The variability of the discrete time series for fixed values of the covariates
can be investigated using simulated sequences. The only difference between
`simulate.vlmc()` and `simulate.covlmc()` is the need for the covariates in the 
latter. A *burn in*  time is also problematic here as we do not have additional 
throw away values for the covariates. A possibility used here consists in starting
the discrete time series as the observed one started, using as many values as the
size of the largest context. Notice that in the current implementation, 
simulating from a COVLMC is relatively slow compared to simulation from a VLMC. 
Here we perform a single simulation to illustrate the feature.
```{r cache=TRUE}
co_sample <- simulate(CAC_comodel,
  length(CAC_dts),
  seed = 0,
  init = CAC_dts[1:depth(CAC_comodel)],
  covariate = CAC_covariates
)
```

### What-if scenarios
In some situations, one can modify the covariates to test the consequences of the 
external influence on the discrete time series under study.
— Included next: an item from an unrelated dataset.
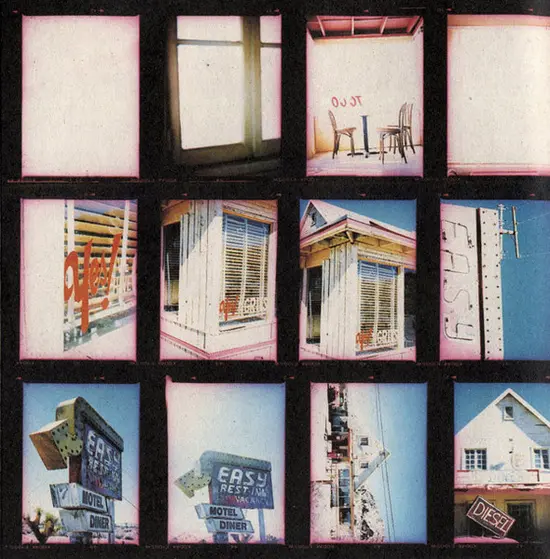 J.J. Cale - Anyway The Wind Blows - The Anthology-13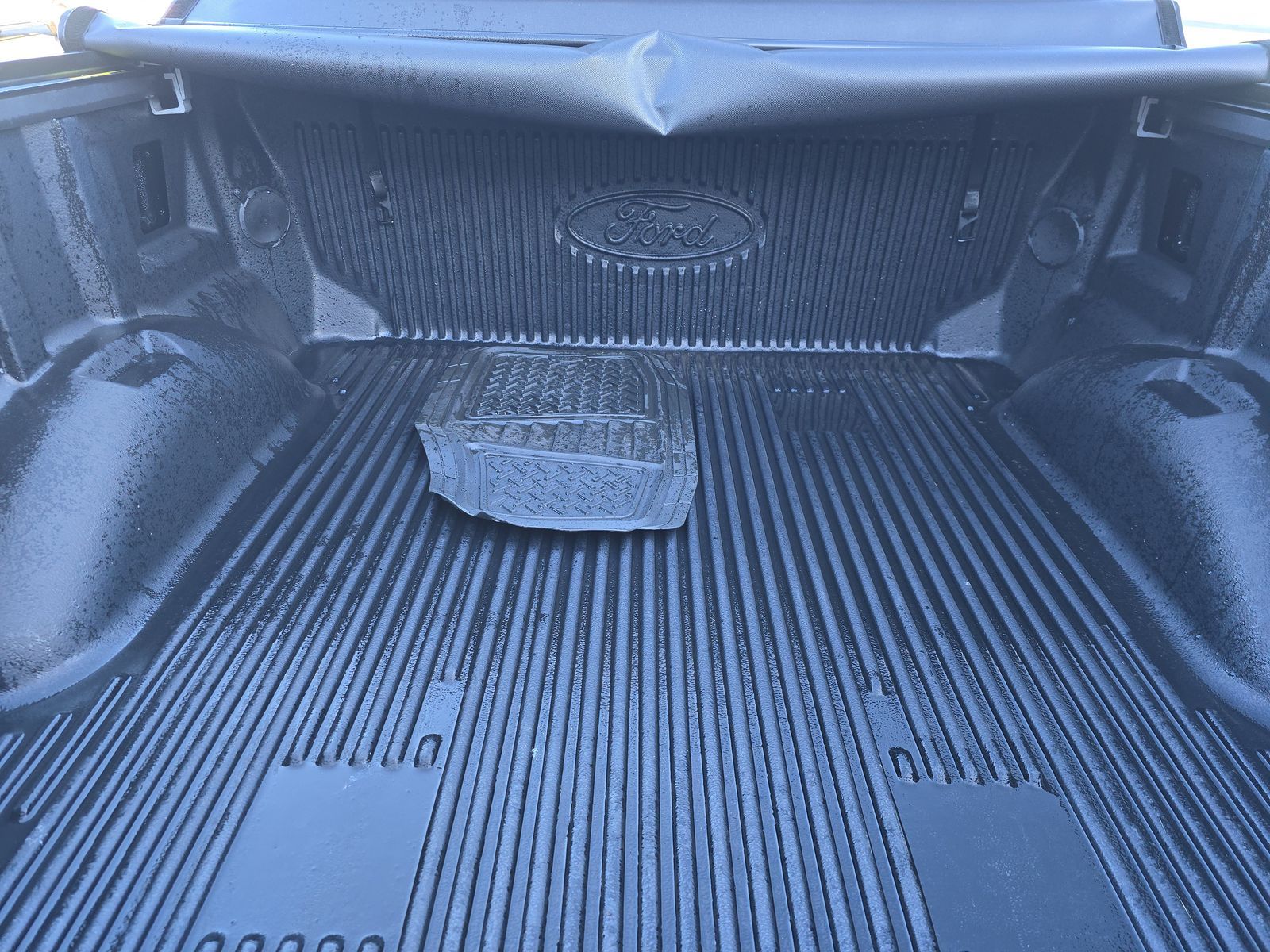 2024 Ford F-150 Hybrid XLT AWD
Let us consider for
instance a week of electrical consumption:

```{r fig.height=5}
pc_week <- powerconsumption[powerconsumption$week == 12, ]
elec <- pc_week$active_power
ggplot(pc_week, aes(x = date_time, y = active_power)) +
  geom_line() +
  xlab("Date") +
  ylab("Activer power (kW)")
```
We build a discrete version by considering two states: the background base 
active power below 0.4 kW and the active use of electric appliance above this limit.

```{r}
elec_dts <- cut(elec, breaks = c(0, 1.2, 8), labels = c("background", "active"))
elec_cov <- data.frame(day = (pc_week$hour >= 7 & pc_week$hour <= 17))
```

Then we adjust a COVLMC with a binary covariate day/night, using the AIC. 

```{r}
elec_covlmc_tune <- tune_covlmc(elec_dts, elec_cov, criterion = "AIC")
best_elec_covlmc <- as_covlmc(elec_covlmc_tune)
draw(best_elec_covlmc, model = "full", time_sep = " | ", p_value = FALSE)
```

Then we can simulate longer or shorter days by manipulating the covariates. For
instance a "day only" full week could be obtained as follows
```{r}
day_only <- simulate(best_elec_covlmc,
  length(elec_dts),
  seed = 0,
  covariate = data.frame(day = rep(TRUE, length(elec_dts)))
)
```
while a "night only" full week is given by
```{r}
night_only <- simulate(best_elec_covlmc,
  length(elec_dts),
  seed = 0,
  covariate = data.frame(day = rep(FALSE, length(elec_dts)))
)
```

A typical use of this approach consists in simulating first a collection of 
sequences with the original covariates to get a sense of the variability of the
statistics of interest. In a second phase, a comparable collection of sequences
is generated using the manipulated covariates.